Belief in the possibility of recovery is
growing apace today, but it had a slow and feeble beginning not so very long
ago. In the years following the first World War, word got around in certain
circles (mostly wealthy) that a man named Courtenay Baylor in Boston was having
some success in treating alcoholics. He was not a doctor, nor a formally
trained psychologist: he was what is called a lay therapist, and he worked in a
clinic which was part of Emmanuel Church, the seat of the Emmanuel Movement.
The methods he used were both psychological and spiritual, combining to
re-educate the alcoholic to a life without alcohol; he described them fully in
his book Remaking a Man, published in 1919. The Emmanuel clinic was for all
kinds of nervous disorders, and did not specialize in alcoholism, so that there
was no great flood of recoveries to startle the world. Nevertheless a little
hope was generated, and some alcoholics got well. A start had been made.
Richard Peabody, also of Boston, was the
next name to be associated with recoveries from alcoholism. Himself a product
of Baylor’s teaching, he turned what he had learned wholly onto the problem of
alcoholism, and specialized in the treatment of alcoholics. His book The Common
Sense of Drinking, containing a description of his method, was published in
1931. A few of his successful cases entered the field as therapists, and by the
mid-thirties still more recoveries were giving the lie to the alleged hopeless
of alcoholism."
Francis T. Chambers, Jr., of Philadelphia,
was a follower of Peabody who in turn went a step further than his teacher.

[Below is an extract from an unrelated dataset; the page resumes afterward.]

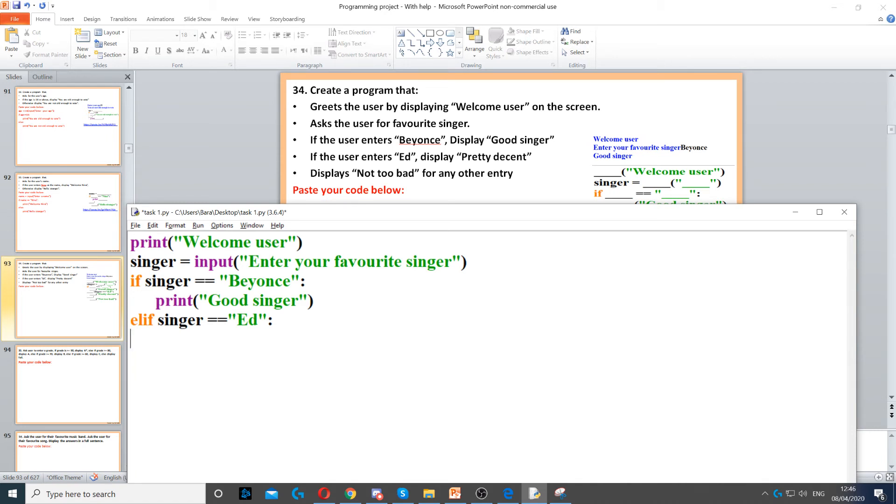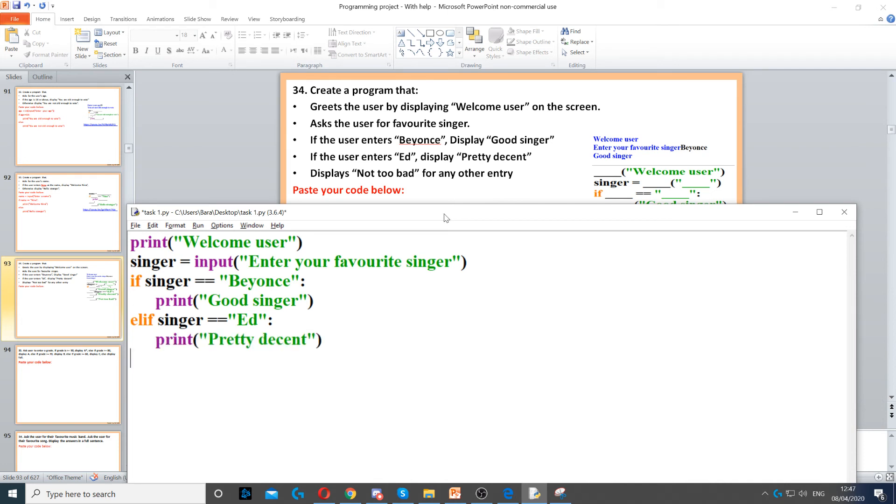If we only have one condition, we just need an if. If we have two, we put elif. So we have elif singer is equal to Ed. It says then display 'pretty decent', so to display that we need to put another print command and we just write 'pretty decent'.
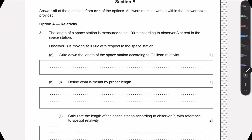Hello guys, welcome to this new video. Today we're going to be going through the May 2024 time zone 1 relativity questions from the old paper free option. As always, I recommend you attempt these questions before I go through the solutions so you can see where you would have gone wrong. If you have any questions or if I do anything wrong, feel free to leave a comment.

Under the guidance of Dr. Edward A. Strecker, one of America’s leading
psychiatrists, Chambers took some formal training at the University of
Pennsylvania Medical School, and entered the Institute of Pennsylvania
Hospital, as associate Therapist, specializing in alcoholism, but working in
conjunction with a team of medically trained personnel. Alcohol, One Man’s
Meat, published in 1938, is the book written jointly by Strecker and Chambers
about their work. Out of their hands has flowed a small but steady stream of
recoveries ever since.
The methods of all the above have been generally lumped together under the heading of "lay therapy," a type of treatment which has had considerable success. One of its greatest contributions, however, was the proof it furnished that alcoholics could recover. This fact was a stimulus to other workers and researchers, and helped provide a nucleus of favorable opinion to experimenters with other methods. Most important of all, word began to reach alcoholics that their was not only a name for what ailed them, but hope that they might recover.